企業が知っておくべき長時間労働対策
3.長時間労働対策
以下に区分される
①紛争解決(火消)
②紛争予防(火災予防)
①個別紛争解決の手順(概略)
「ステージ」が上がると解決コスト(キャッシュ・時間)が上がる
まず(A)社内での解決を図る
- 代理人が就かない状況での解決がベスト(解決水準等)
- 根も葉もないような場合を除き、「代理人」を強調する必要はない(「こちらも代理人(もしくは労基)」となる可能性が高くなる。
- 各論点の強弱を分析(「見立て」)する。紛争の本質は「適切な」コミュニケーション不足(≒パワハラ)。適切なコミュニケーションをとって、無血(キャッシュアウトなし)で解決のことも少なくない。

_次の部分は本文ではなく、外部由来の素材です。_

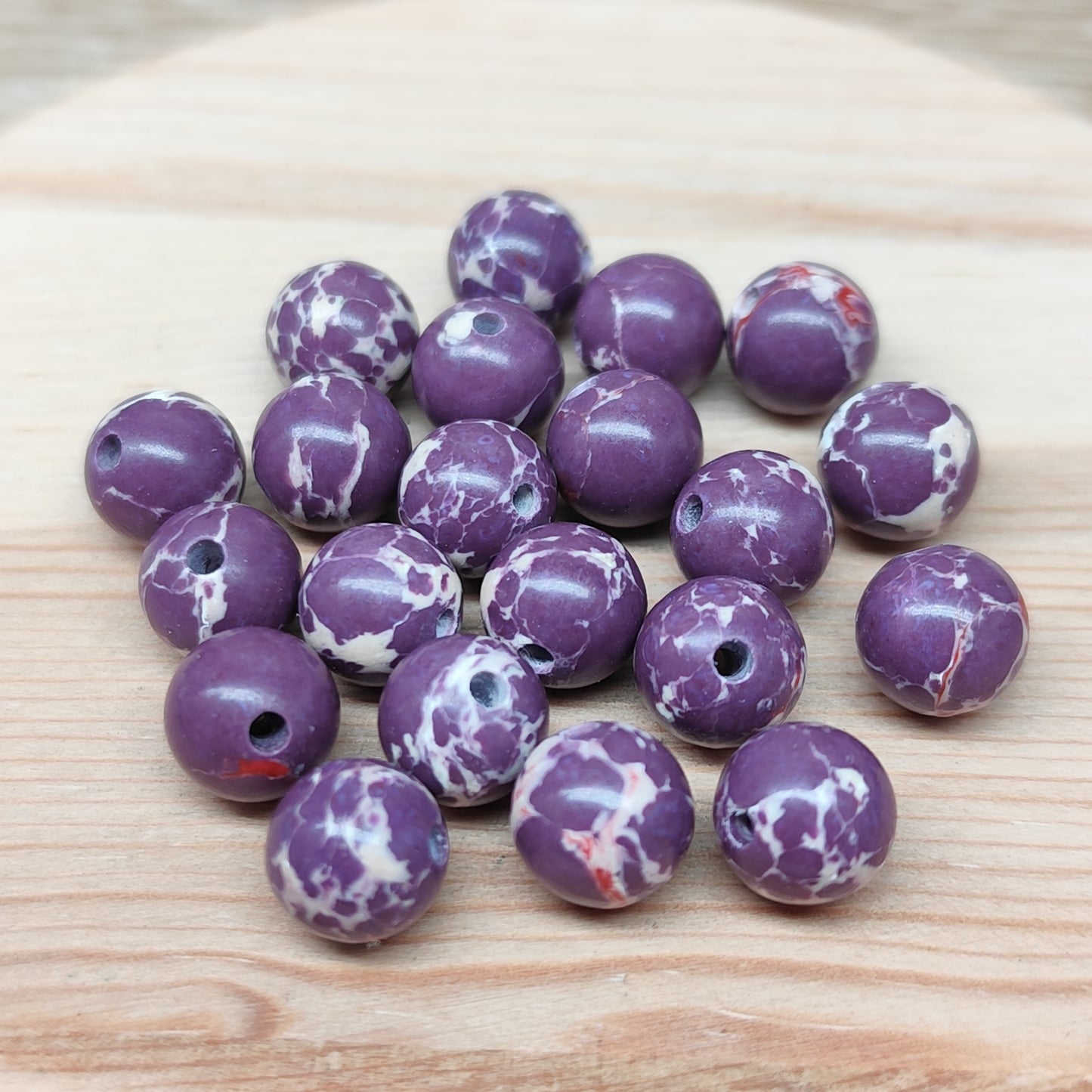 Jaspe violette – perles naturelles teintées 8 mm – lot de 20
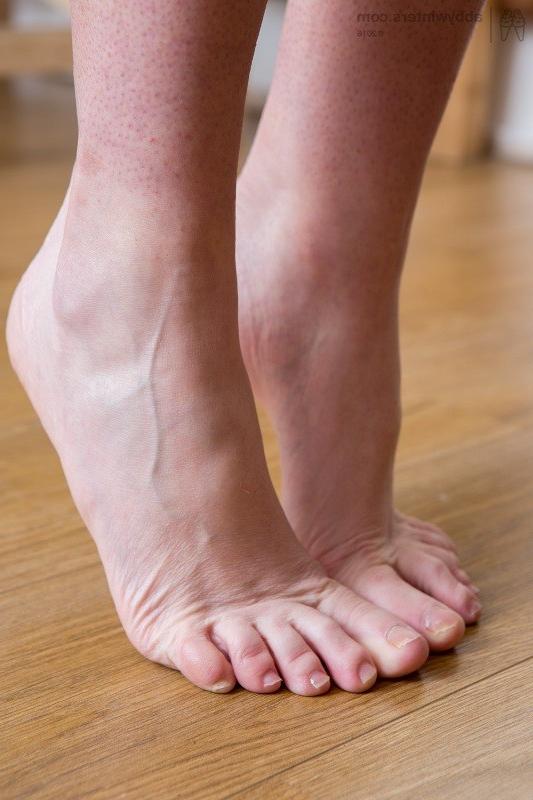16P Bonnie inserts her fingers into her wet vagina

(B)代理人が就いた場合でも、「見立て」に基づき早期合意解決が基本(守秘義務条項付) 完勝にこだわるとリスク増
(C)労働審判や(D)訴訟まで発展した場合でも、和解解決が基本
*合意解決時
解決名目:「解決金」
周囲への説明:「弁護士費用」 (相手方?、会社側?)
なるべく細かい金額としない(計算式を探ってもらう必要はない)
*課税上の扱いは留意
- 方針のポイント(まとめ)
「諸ファクター」の入念な検討
1 勝訴見込(論点ごとの強弱分析)
2 ステージごとのコスト分析
解決コスト+手続コスト+所要時間・ストレス(生産性の低下)
3 その他リスクの考慮
- 敗訴リスク(元本、損害金、+付加金リスク)
- 風評リスク(判決公表。労働事件名≒会社名)
- 他の従業員・退職者へも拡散(訴訟の併発、離職増)
- ネット上にも拡散→採用難・労基目線
「早いステージ」の「合意解決」に勝るものはない
②予防・改善の手順
- 長時間労働対策にあたっての企業としての正当なアプローチ
≠残業代の踏み倒しではない
残業代=基礎単価(時給)×時間外労働時間数-既払い残業代
- 労働時間数の「みなし系制度」は裁判例上限界あり。
- 法改正の傾向も、厳しい適用条件が付されると思われる。
- 残業代の減少という点のみからすれば、「掛け算の単価」・「数量」を削るほかない。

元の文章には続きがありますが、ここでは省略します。